# [Assignment]
Print exactly, and only, the lines running from the line containing "Nike 44 Size" through the end of the records below.

[Records contained in a dataset]
============
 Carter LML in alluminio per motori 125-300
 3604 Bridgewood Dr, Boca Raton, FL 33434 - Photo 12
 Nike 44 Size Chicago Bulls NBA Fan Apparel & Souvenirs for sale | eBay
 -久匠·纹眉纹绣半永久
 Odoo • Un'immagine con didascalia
============
# [Exercise answer]
 Nike 44 Size Chicago Bulls NBA Fan Apparel & Souvenirs for sale | eBay
 -久匠·纹眉纹绣半永久
 Odoo • Un'immagine con didascalia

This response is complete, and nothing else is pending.